Das Landesjazzfestival ist im Grunde eine prächtigere Variante des Jazz & More Festivals, das seit
2014 alljährlich Anfang Oktober in Friedrichshafen stattfindet. Man merkt es spätestens am Konzert des New Jazzport Orchestras, der Big Band des Vereins Jazzport. Sie durfte bei noch keinem Jazz & More Festival fehlen. Zusammen mit dem Trompeter und Sänger Joo Kraus führt die Big Band das Programm „Public Jazz Lounge“auf. Schon 2011 brachten Kraus und das New Jazzport Orchestra es erstmals über die Bühne. Darin gibt es die Big Band-Version eines intimen Folksongs von Simon & Garfunkel, Joo Kraus rappt George Bensons Soulklassiker „Gimme The Night“und auch Sting wird kreativ umgebaut. Das Konzert findet am Mittwoch, 3. Oktober, um 11 Uhr im Casino Kulturraum statt – bei gutem Wetter unter freiem Himmel. Eingeläutet wird das Festival im Gessler 1862 am Samstag, 29. September, um 20 Uhr mit dem stimmungsvollen Sommerjazz der Band Canta Brasil. Zusätzlich zu diesem offiziellen Festivalprogramm wird es noch einige „Vorrunden-Konzerte“geben, über die wir zeitnah informieren. Schließlich sind da noch die Musikfilme, die im Rahmen des Landesjazzfestivals in Kino Studio 17 über die Leinwand flimmern, jeweils um 18 Uhr, vor den abendlichen Konzerten. „Django – Ein Leben für die Musik“beleuchtet am Donnerstag, 4., und Freitag, 5. Oktober, das Leben des legendären Gipsy-Gitarristen Django Reinhardt.
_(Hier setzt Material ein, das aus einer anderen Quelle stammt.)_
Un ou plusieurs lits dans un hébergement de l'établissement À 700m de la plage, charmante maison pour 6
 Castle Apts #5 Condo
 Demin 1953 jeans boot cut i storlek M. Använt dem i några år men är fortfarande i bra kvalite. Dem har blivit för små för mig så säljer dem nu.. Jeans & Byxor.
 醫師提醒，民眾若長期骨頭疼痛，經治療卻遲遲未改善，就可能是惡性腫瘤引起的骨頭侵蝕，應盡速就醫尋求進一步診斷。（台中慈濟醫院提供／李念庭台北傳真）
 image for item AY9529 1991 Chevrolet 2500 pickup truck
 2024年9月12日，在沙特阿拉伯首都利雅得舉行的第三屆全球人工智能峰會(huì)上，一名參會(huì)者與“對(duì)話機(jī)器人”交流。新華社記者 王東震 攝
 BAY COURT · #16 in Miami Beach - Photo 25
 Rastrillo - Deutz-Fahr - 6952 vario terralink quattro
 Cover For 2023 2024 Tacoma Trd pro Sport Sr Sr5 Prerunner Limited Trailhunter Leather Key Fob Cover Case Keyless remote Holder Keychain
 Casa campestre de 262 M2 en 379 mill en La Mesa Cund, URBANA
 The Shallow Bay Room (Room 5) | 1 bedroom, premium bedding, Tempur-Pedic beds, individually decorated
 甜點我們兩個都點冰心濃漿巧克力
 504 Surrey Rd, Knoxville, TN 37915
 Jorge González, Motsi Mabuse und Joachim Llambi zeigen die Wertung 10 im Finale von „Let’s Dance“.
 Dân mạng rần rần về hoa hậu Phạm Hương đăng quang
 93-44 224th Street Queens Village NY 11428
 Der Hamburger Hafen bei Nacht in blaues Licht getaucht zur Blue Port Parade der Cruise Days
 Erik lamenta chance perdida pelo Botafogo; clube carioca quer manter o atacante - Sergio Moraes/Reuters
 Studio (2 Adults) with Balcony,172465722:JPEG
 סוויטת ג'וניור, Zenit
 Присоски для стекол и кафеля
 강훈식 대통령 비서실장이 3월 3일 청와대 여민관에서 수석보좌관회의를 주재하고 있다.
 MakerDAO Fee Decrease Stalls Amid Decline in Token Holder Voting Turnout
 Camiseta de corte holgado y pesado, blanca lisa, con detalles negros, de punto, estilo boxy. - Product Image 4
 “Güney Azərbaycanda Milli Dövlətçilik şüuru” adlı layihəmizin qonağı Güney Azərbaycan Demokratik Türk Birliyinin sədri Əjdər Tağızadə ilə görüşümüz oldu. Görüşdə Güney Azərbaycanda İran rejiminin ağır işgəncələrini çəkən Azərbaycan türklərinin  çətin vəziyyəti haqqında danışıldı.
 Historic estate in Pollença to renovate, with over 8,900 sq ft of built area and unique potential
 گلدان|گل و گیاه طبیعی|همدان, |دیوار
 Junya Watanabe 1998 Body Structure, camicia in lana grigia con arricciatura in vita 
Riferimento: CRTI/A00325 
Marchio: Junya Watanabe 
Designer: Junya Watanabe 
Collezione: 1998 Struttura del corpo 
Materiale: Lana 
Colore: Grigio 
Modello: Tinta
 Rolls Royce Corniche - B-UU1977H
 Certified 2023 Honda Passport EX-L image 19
In der Dokumentation „The King – Mit Elvis durch Amerika“zeichnet Regisseur Eugene Jarecki Elvis Presleys Konzerttourneen nach. Im alten Rolls Royce des Sängers fährt er von New York über Las Vegas bis in den tiefen Süden. Zu sehen am Samstag, 6. Oktober – sowie am Sonntag, 7. Oktober, im Rahmen eines Filmfrühstücks, ausnahmsweise bereits um 10 Uhr.